Grenada’s readiness to deal with natural disasters will be put to the test when the 2016 Trade Winds Exercise takes place from June 5-12.
The exercise, which is to be spearheaded by the Royal Grenada Police Force (RGPF), involves all of the member-countries of the Barbados-based Regional Security Services (RSS), which comprises seven Police Forces and three armies of the Organisation of Eastern Caribbean States (OECS), and the United States Army.
Deputy Commissioner of Police, Franklyn Redhead told reporters at a media briefing last week Wednesday that while the overall command resides within the domain of the local authorities, it is a shared responsibility with local shareholders involving the National Disaster Management Agency (NaDMA) and RGPF.
The United States will provide support in terms of the exercise control group, and logistical support to ensure that the exercise meets its objective.
According to the senior Police officer, the overall concept of the Trade Winds Exercise is to support the Caribbean Security Base Initiative.
“Trade Winds is a unique opportunity for Caribbean Nations to practice skills that they would normally apply to crisis scenarios or situations,” he said.
He said the whole concept of the exercise is based on crawl, walk and run.
The strategic themes of the exercise are to support or counteract trans-national organised crime, and to assist Caribbean Nations in building resilience and being self-sufficient in the ways that they respond to a range of issues from crime as well as disaster response.
Deputy Commissioner Redhead noted that whenever there is an issue that requires a response, it comes from persons from the army, police forces, Non-Governmental Organisations, and other stakeholders.
“Getting them to gel together… is one of the key features of Trade Winds to ensure that we are different in the way that we conduct our routine business, but when an issue arises we have to develop some framework to ensure that we collaborate and co-operate in the context of responding to a particular challenge,” he said.
Deputy Commissioner Redhead who provided the media with an extensive update on what the Trade Winds Exercise entails called for the consciousness of the Grenadian population during the seven-day activity.
The top ranking local Police Officer, as Head Planner for the exercise, said the objective behind Trade Winds is to support the Caribbean in its security aspirations, and that it is sponsored by the government of the United States.
The exercise will focus this year on humanitarian assistance and disaster response in the context of supporting what Grenada has to do in the event that it faces a crisis.
It will also concentrate on responding to mass evacuation.
The entire exercise scenario is premise on an earthquake in the Atlantic Ocean, which causes a Tsunami in the Town of Grenville, resulting in evacuation on the east coast for four to six hours.
Deputy Commissioner Redhead disclosed that they have set their aspiration very high in terms of 300 to 500 persons to test the security forces.
“The issue here is really drawing out the lessons that we need to learn in a mass evacuation scenario,” he told reporters.
The RGPF No.2 ranking police officer provided the media with an insight into what to expect during the days of the exercise.
He said that between June 5-12 the National Emergency Operation and the District Emergency Operation centres will be engaged by participating in academics, a table top exercise, and three days of walk-drills at St.
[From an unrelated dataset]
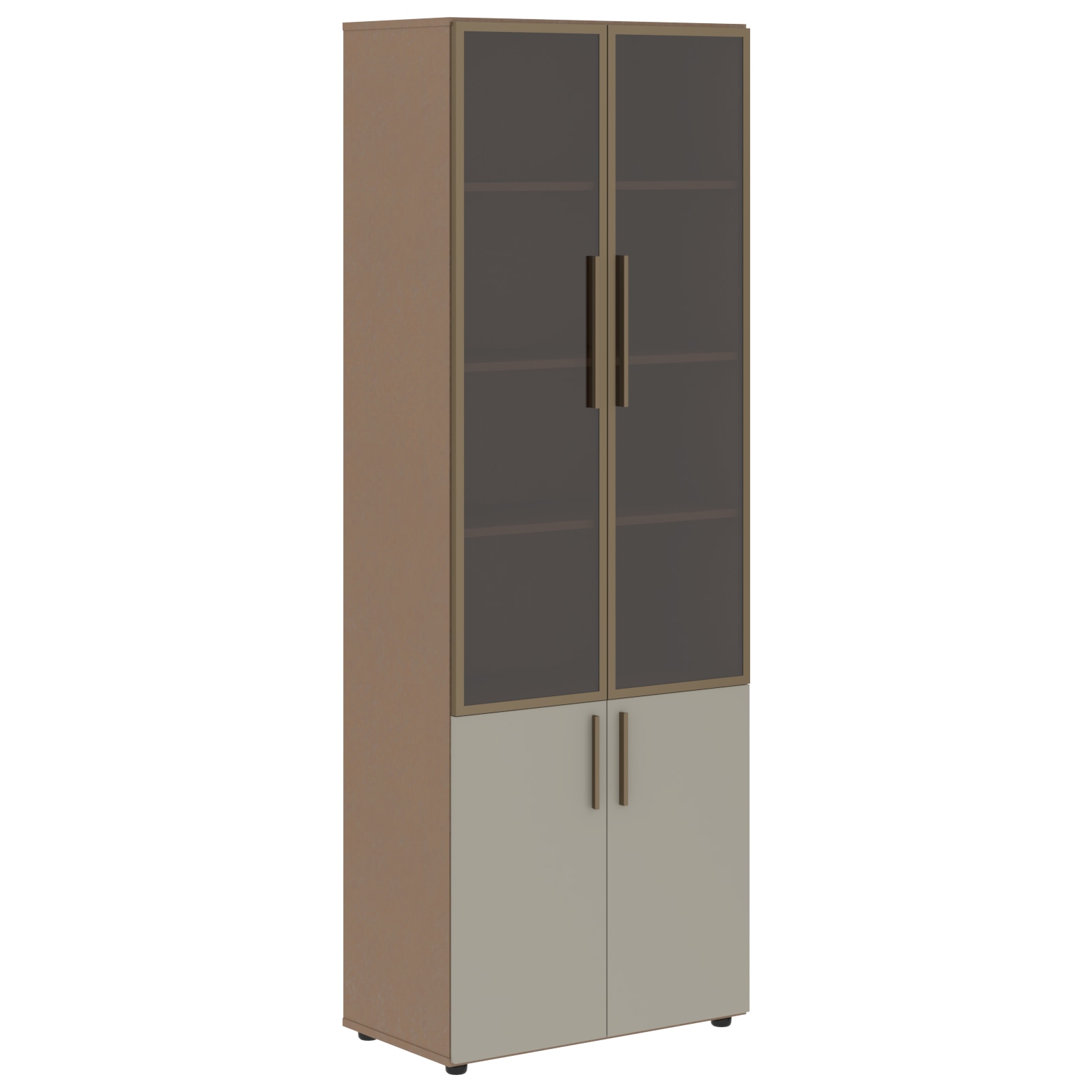 shkaf-visokij-shirokij-vhcs-802-ametistkobra-800h430h2253-velion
George’s University.
While this is taking place, the security forces will be having their own training on matters of human rights, integration, internal security, and evacuation.
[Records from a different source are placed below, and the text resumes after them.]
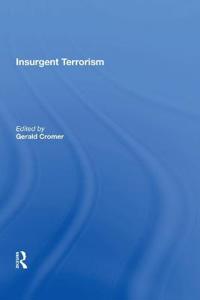 Insurgent Terrorism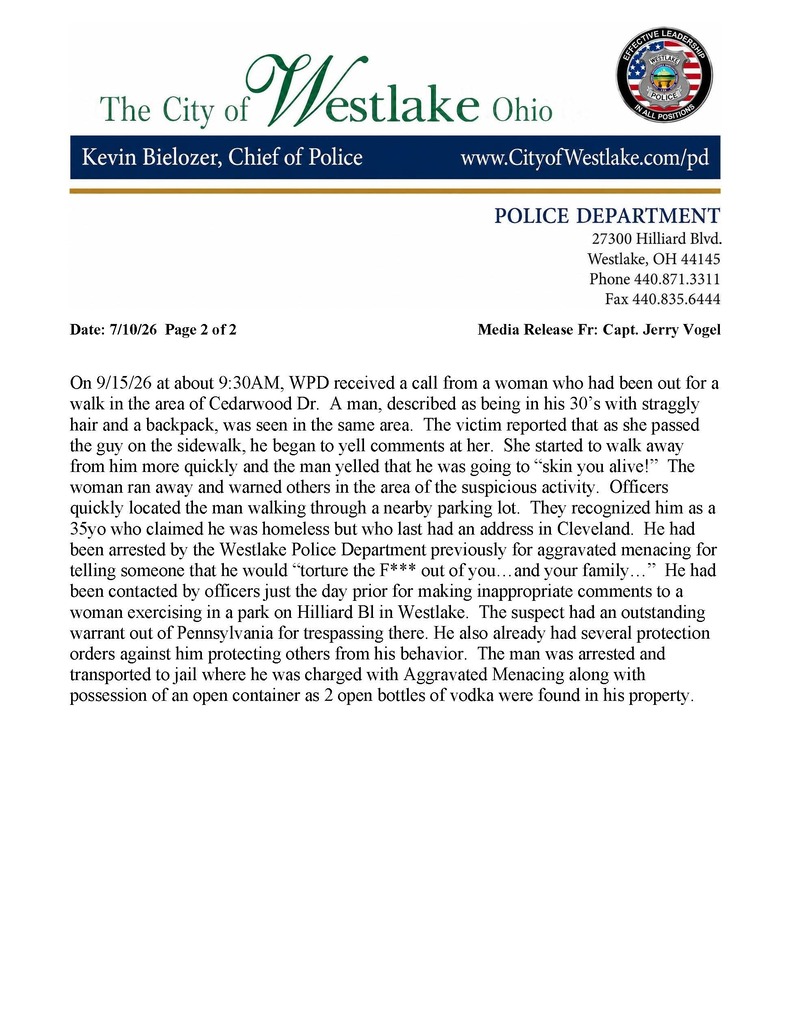 Page2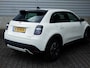 Fiat 600 1.2 Hybride Urban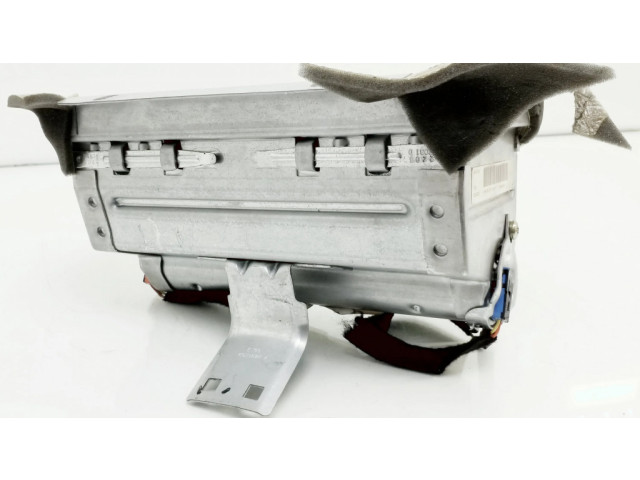 Подушка безопасности пассажира 9645364580, 6124292   Citroen C6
The security forces will also be engaged in shooting scenarios, which include range shooting, and situation shooting, followed by field training exercises at the west coast around the tank farm at Grand Mal, St. George’s for about four to six hours on June 9.
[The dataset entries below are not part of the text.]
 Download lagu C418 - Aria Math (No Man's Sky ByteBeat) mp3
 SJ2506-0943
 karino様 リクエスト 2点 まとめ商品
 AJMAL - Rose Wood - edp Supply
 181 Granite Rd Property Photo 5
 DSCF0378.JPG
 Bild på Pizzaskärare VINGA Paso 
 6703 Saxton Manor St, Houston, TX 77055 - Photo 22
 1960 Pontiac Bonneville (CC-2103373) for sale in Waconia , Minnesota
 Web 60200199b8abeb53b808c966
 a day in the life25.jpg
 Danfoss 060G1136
Deputy Commissioner Redhead indicated that the tank farm has significant importance to Grenada hence the reason why the field training exercise will take place there.
“If we loose the tank farm through some criminal activity or some terrorist events, then it is going to affect Grenada significantly in the short term,” he said.
The coast guards from across the region including Guyana, Trinidad and Tobago, RSS Countries, and Martinique will be involved in a marine training exercise geared at counteracting transnational organised crimes.
Deputy Commissioner Redhead said the organisers of Trade Winds 2016 will create an artificial environment to test the local procedures and systems.
Participants will be arriving in Grenada between June 1 and 4.